Conforme o tenente Ruanlemberg, a prevenção tem sido realizada. “Temos um portfólio preventivo muito grande. Agimos, por exemplo, com a Patrulha de Prevenção à Violência Doméstica, com uma equipe de policiais fazendo visitas frequentes às vítimas. Temos o Programa de Resistência às Drogas (Proerd), para tentar ensinar às crianças que o caminho das drogas é um caminho ruim. Atualmente estamos fazendo ocupação na região da Vila Alpina e São Benedito, na Zona Leste, local crítico de tráfico de drogas. Viaturas preventivas estão atuando na região, tentando identificar os cidadãos infratores, para evitar os crimes.”
O crescimento dos assassinatos este ano coincide com a redução de delegados na Especializada de Homicídios.

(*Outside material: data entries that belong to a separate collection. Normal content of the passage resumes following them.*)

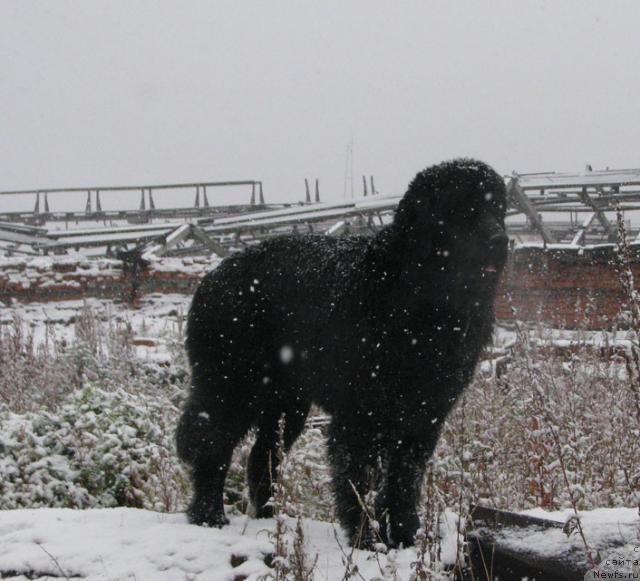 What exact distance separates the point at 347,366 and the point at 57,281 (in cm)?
798

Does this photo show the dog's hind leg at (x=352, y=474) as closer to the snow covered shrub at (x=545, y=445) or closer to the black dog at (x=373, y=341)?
the black dog at (x=373, y=341)

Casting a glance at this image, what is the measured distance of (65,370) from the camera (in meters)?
5.77

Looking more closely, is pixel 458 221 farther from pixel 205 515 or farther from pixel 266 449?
pixel 205 515

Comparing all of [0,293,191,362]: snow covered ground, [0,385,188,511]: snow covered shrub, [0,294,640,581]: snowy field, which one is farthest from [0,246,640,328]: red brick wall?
[0,385,188,511]: snow covered shrub

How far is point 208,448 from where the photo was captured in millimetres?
3213

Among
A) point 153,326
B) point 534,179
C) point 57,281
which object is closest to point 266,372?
point 153,326

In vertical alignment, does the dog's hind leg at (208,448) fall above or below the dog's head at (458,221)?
below

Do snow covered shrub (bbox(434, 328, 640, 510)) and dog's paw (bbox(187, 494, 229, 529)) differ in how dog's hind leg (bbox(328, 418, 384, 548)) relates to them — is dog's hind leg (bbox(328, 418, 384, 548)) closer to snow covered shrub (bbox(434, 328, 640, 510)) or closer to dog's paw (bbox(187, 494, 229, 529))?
snow covered shrub (bbox(434, 328, 640, 510))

Pouco tempo depois do afastamento de Rodrigo Rolli, no início de abril, devido à sua candidatura ao Legislativo Municipal, e do deslocamento de Carlos Eduardo Rodrigues para outra delegacia, o titular José Márcio de Almeida Lopes passou a responder sozinho pela especializada, que também teria sofrido baixa de outras funções, como de investigadores.
Investigações intensificadas
De acordo com a delegada regional de Juiz de Fora, Patrícia Ribeiro, a Polícia Civil tem intensificado o serviço de investigação dos crimes violentos, inclusive, com forças-tarefas integradas e “trabalhando de forma enérgica para que os criminosos respondam pelos seus atos”.
Ainda segundo a Polícia Civil, o resultado de todo esse trabalho já vem sendo acompanhado pela população de Juiz de Fora com a apresentação de diversos autores e informação sobre apuração desses crimes. “Trabalhamos com um alto índice de apuração de homicídios tentados e consumados e com respostas rápidas, inclusive com prisões em flagrante dos autores”, assegurou o delegado de Homicídios, José Márcio.